Good Point.  In my experience, though, I never build SLI for someone else.  My standard is to keep everything about the machine and operating system as simple as possible. It lessens those calls that stuff doesn't work when I am on my time off.  And the airflow in this Fractal series is good enough it will never throttle with just a single card.


----------



## Sp33d Junki3 (Nov 3, 2016)

silapakorn said:


> Only two 3.5" drive bays are not enough for me, especially nowadays that games are 50+ GB.
> I hate that they remove 5.2" drive bays and replace them with nothing. What a waste of space.


You have 3x 2.5" space to fit 1TB SSD. Plenty for games. 
The 5.25" bays no one really uses them. It is not wasted space, it gives clear direct airflow for fans and rads to fit 360 in front. 
It is same style as Define S, NZXT S340 and many others like it. If you want optical bay, R5 is close to it.


----------



## Ferrum Master (Nov 3, 2016)

Sp33d Junki3 said:


> The 5.25" bays no one really uses them



Completely agree... I even ditched 3.5inch drives for 2.5 ones. One SSD and one laptop leftover HDD for spammy data.


----------



## Caring1 (Nov 3, 2016)

MadsMagnus said:


> The problem isn't the bottom GPU though, it's the one that has limited air intake (PCIe 1)........ you need to have a side intake to make sure the cards don't throttle after X amount of time.


If the front fans are unobstructed, you don't need side fans, the air flow from them should be adequate to supply fresh air to all cards.


----------



## Jermelescu (Nov 7, 2016)

How's the noise reduction factor on this case?


----------



## Bjørgersson (Nov 11, 2016)

How quiet could those stock fans be?


----------



## Freelancer (Nov 25, 2016)

Hi all,

Is heat a concern for 3.5" drives without any airflow below the shroud?  I'm planning for a new PC and intend to use 1 SSD and 1 HD (maybe 2TB).


----------



## Kofoed (Nov 25, 2016)

Would you recommend this over the Corsair Carbide 400Q?

Thanks in advanced.


----------



## Bjørgersson (Nov 30, 2016)

seggbizo said:


> How quiet could those stock fans be?


I think they're even quieter than my previous SWiF2s.



Kofoed said:


> Would you recommend this over the Corsair Carbide 400Q?
> 
> Thanks in advanced.


I totally would. I've seen both irl and I chose Fractal, I think it's higher quality and I've always preferred Fractal over Corsair. But that's just me.


----------



## Kofoed (Dec 1, 2016)

So I got the Define c myself yesterday, the installation was quite easy. Nice cable management.. Overall very good case, my only flaw is that is it not as quiet as I had hoped for.
Compared to my old HAF 932 it is quite a bit quieter, but once it heats up a bit it becomes quite loud.
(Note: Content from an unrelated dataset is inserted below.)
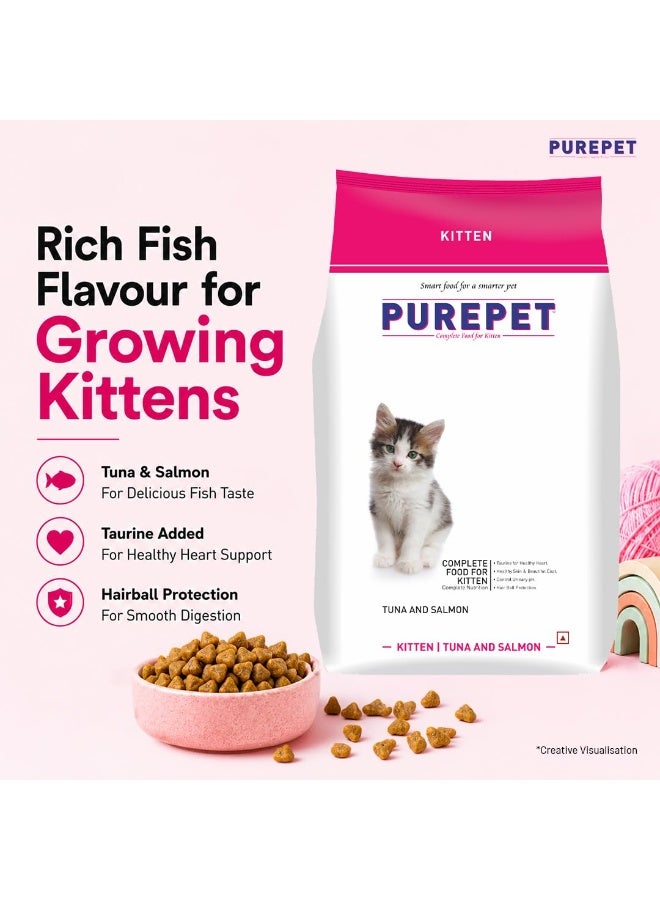 Purepet Kitten Dry Cat Food 1.2kg Pack | Tuna & Salmon Flavour | Active Behaviour | Hairball Control |Urinary Tract Health | Nutrient Rich | Minerals - Image 3
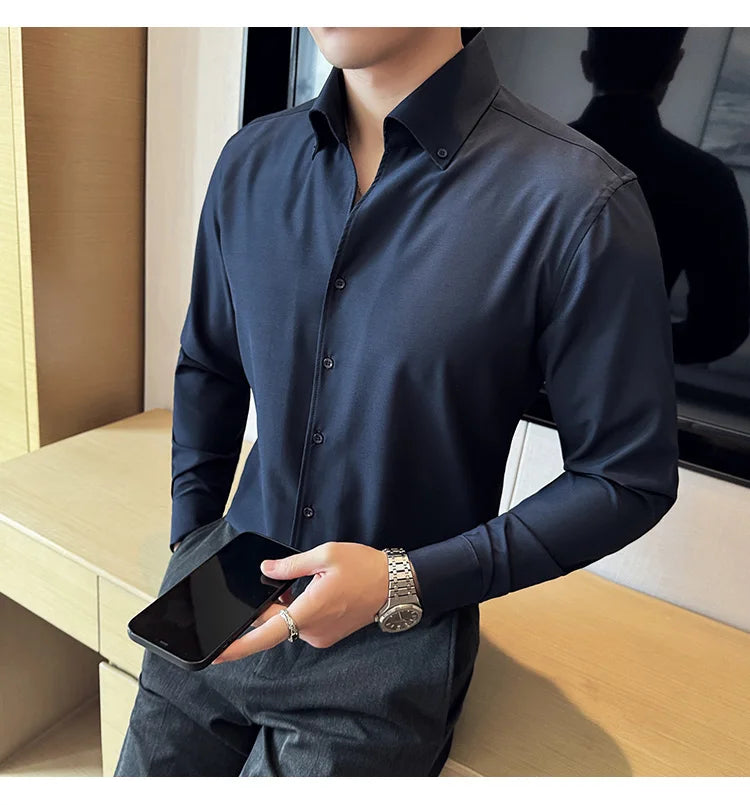 Men Dress Shirt 2024 Autumn British Style Solid Casual Slim Fit Formal Camisas V-neck Long Sleeves Shirt Streetwear Men Clothing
The cooling is very good though, quieter than my old, but only gets a few degress hotter during stress test. CPU i5 4760k at 3.8GHz hits 73degree after 30min of prime95.

My CPU cooler is the older Noctua NH-U12P with whatever fans that came with it.
GPU Sapphire 390 Nitro 
Stock case fans

Im going to try and get some quiet CPU fans to see if I can bring the noise down a tad.


----------



## Bjørgersson (Dec 1, 2016)

Kofoed said:


> So I got the Define c myself yesterday, the installation was quite easy. Nice cable management.. Overall very good case, my only flaw is that is it not as quiet as I had hoped for.
> Compared to my old HAF 932 it is quite a bit quieter, but once it heats up a bit it becomes quite loud.
> 
> The cooling is very good though, quieter than my old, but only gets a few degress hotter during stress test. CPU i5 4760k at 3.8GHz hits 73degree after 30min of prime95.
> ...


Good choice!


----------